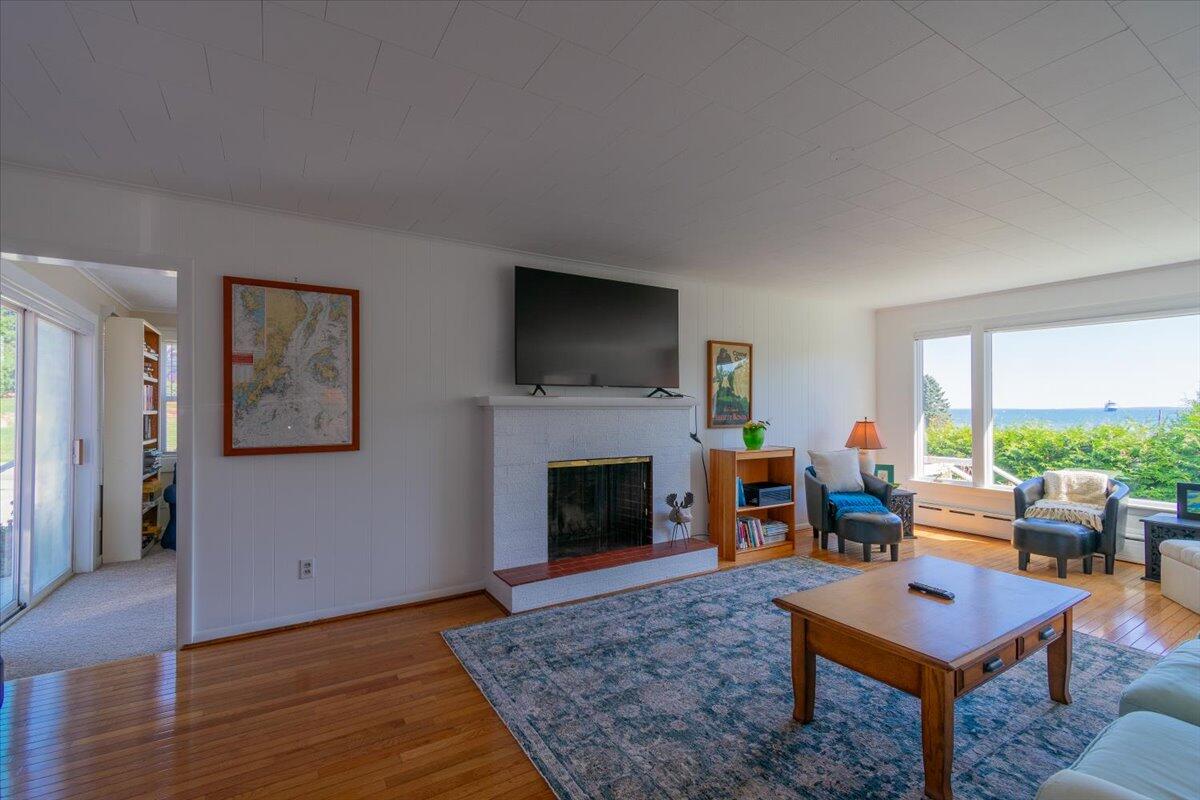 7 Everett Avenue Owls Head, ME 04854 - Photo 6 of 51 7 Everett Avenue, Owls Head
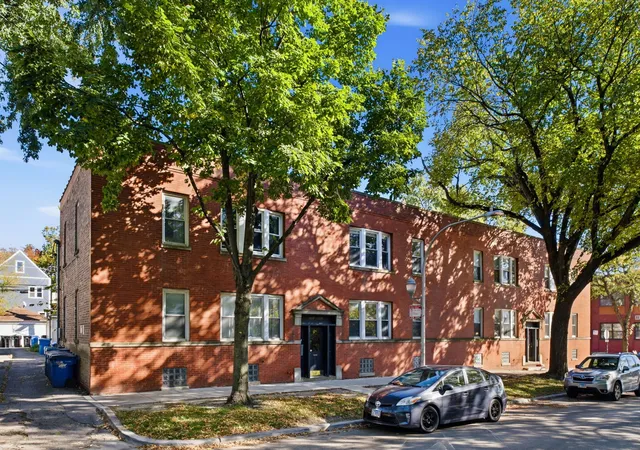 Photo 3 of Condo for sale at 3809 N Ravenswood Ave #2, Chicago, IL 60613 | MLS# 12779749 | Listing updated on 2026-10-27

---

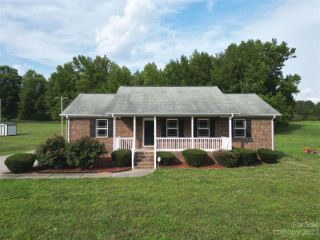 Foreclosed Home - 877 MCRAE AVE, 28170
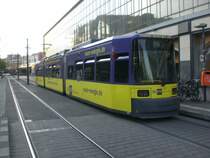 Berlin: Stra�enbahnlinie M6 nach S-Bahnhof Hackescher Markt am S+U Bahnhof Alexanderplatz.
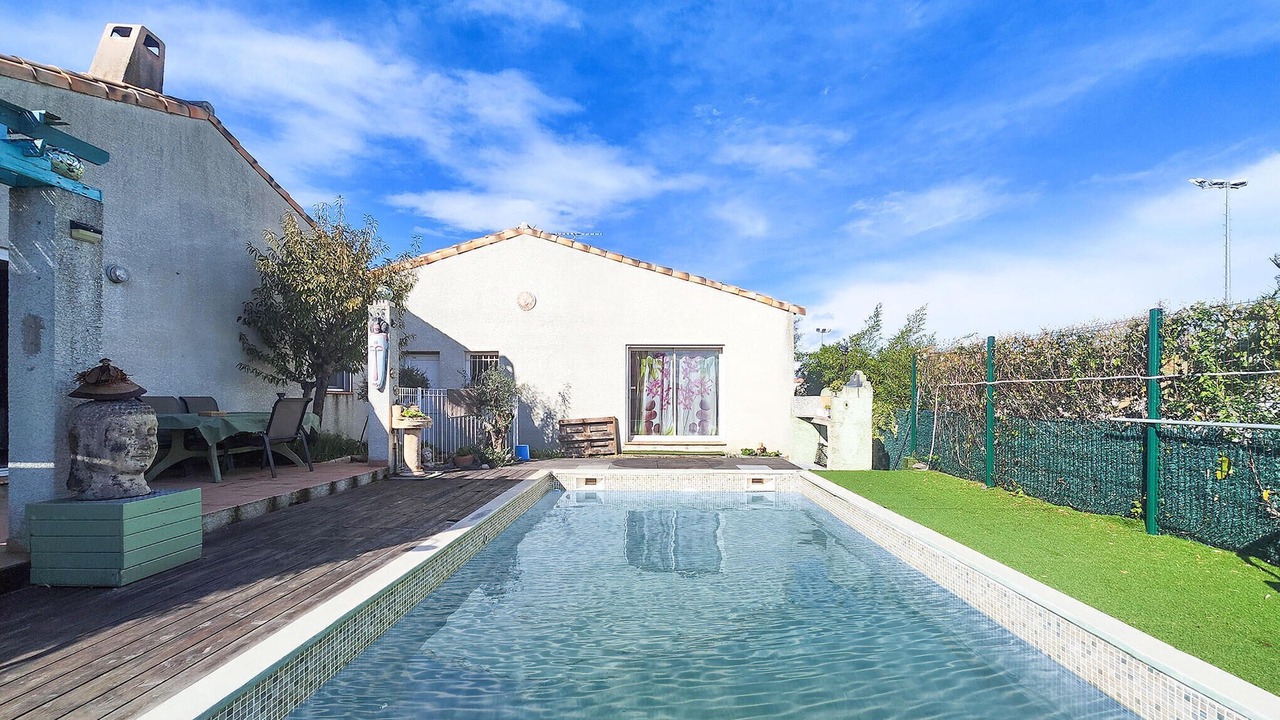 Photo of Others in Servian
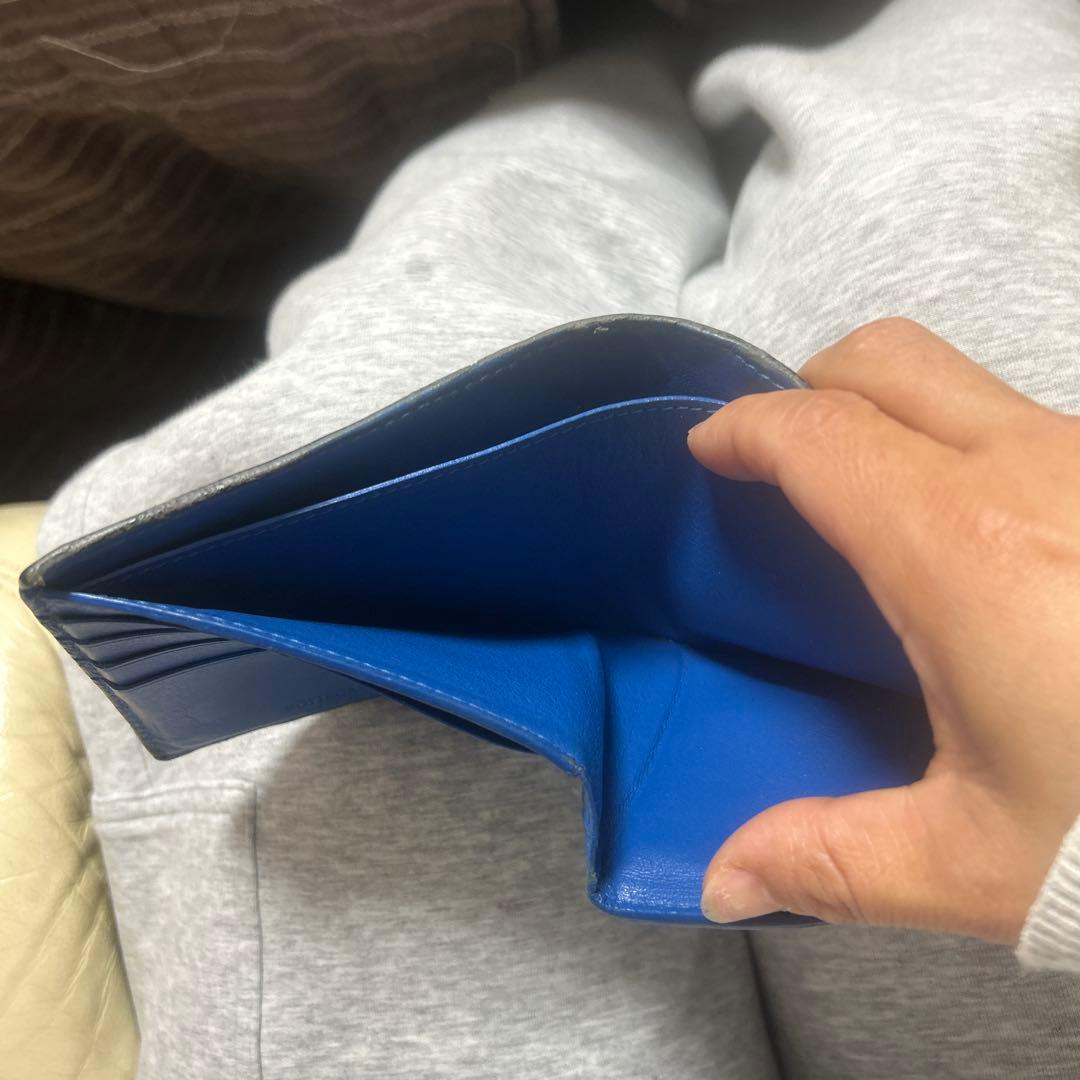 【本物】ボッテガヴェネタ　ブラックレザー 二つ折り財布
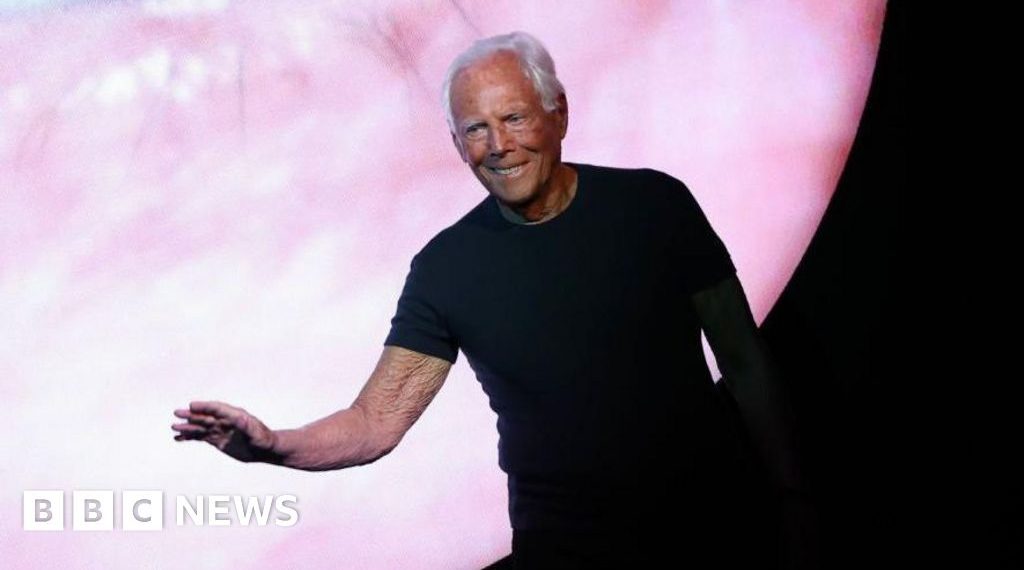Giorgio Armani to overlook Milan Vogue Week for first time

### [DESCRIPTION OF THE TASK]
In the listing above, find the line with "Foreclosed Home - 877 MCRAE AVE, 28170" and the line with "Giorgio Armani to". Copy exactly those two and every line between, without the pictures.

### [ANSWER]
 Foreclosed Home - 877 MCRAE AVE, 28170
 Berlin: Stra�enbahnlinie M6 nach S-Bahnhof Hackescher Markt am S+U Bahnhof Alexanderplatz.
 Photo of Others in Servian
 【本物】ボッテガヴェネタ　ブラックレザー 二つ折り財布
Giorgio Armani to overlook Milan Vogue Week for first time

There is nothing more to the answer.